Há quem saiba isso a meu respeito: quando me confronto com um daqueles Torquemadas, que olham para a língua como algo de imutável e veem no novo Acordo Ortográfico um crime de lesa majestade, costumo dizer que, a tal respeito, nunca me enquadraria no mesmo lado da barricada que Vasco Graça Moura. Foi, de facto, por o ter visto na pele de D. Quixote disposto a investir contra os moinhos, que julgava ser o dos exércitos dos assassinos da língua, que comecei a escrever de acordo com a aproximação da fonética à sintaxe, eliminando as letras, que já não se pronunciam no seu verbalizar. Atual substitui-se a actual, mas facto continuou a ser facto, porque mantenho o c para distinguir a palavra do mero fato de vestir.
Nem morto Vasco Graça Moura me passou a merecer outra opinião que não a de um pedante reacionário que, com Agustina, serviu de caução intelectual ao execrável cavaquismo. Mesmo reconhecendo-lhes o talento, a qualidade da escrita, o defenderem uma política, que tão gravosa se mostrou para o interesse da maioria dos portugueses, não os poupa de integrarem o meu índex pessoal.

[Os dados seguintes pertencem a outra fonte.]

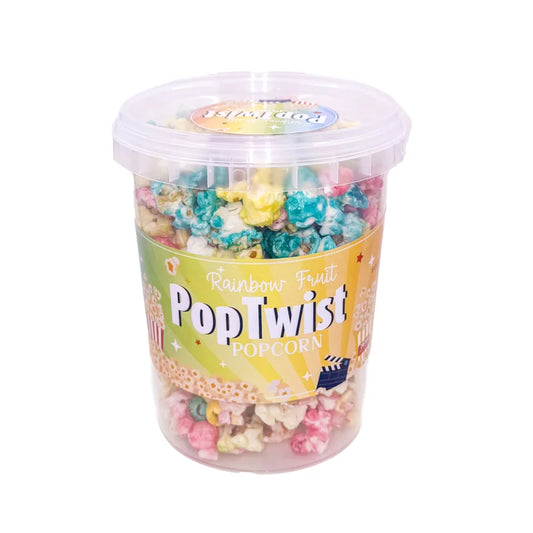 Poptwist - Popcorn "Rainbow Fruit"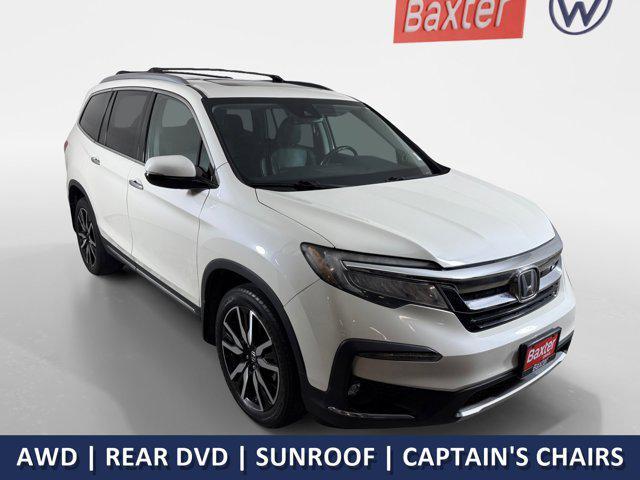 used 2019 Honda Pilot car, priced at $25,998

Deixaram, porém, seguidores, que agora se amofinaram com o Ministro da Cultura, por dizer o óbvio numa entrevista: “Não considero que este Acordo Ortográfico seja perfeito e penso que há coisas suscetíveis de melhoria, mas sendo o que se utiliza oficialmente achei que seria hipócrita não o fazer. Isto sem criticar outras pessoas, até porque não tenho ideias tão fortes sobre ortografia como elas. O acordo não é o melhor possível mas está vigente e segui-o para horror e espanto de muitos amigos. Não porque lhe tenha um grande amor, mas porque para mim a ortografia é uma convenção e não considero que a anterior seja a maior das maravilhas. Tudo se pode aperfeiçoar, é a minha opinião. Enquanto estiver em vigor vou segui-lo e lamento os meus amigos que consideram isto uma traição. Há como que uma luta de religiões em torno do acordo, só que eu não tenho religião. Acredito que esta opção vá ser muito criticada, mas é assim.”
O que Luis Filipe Castro Mendes afirma, subscrevo-o na íntegra: não vejo no Acordo Ortográfico senão uma convenção, que sigo sem estados de alma. Quem a quiser cumprir, como é o meu caso, que o faça, quem nele se incomodar, só tem de escrever da forma que entender. Mas querer impor a quem quer que seja uma ortografia, só porque acha ser essa a mais pura, a mais genuína, mesmo não sendo a oficial, só pode ser vista como inerente a uma mente manifestamente inquisidora.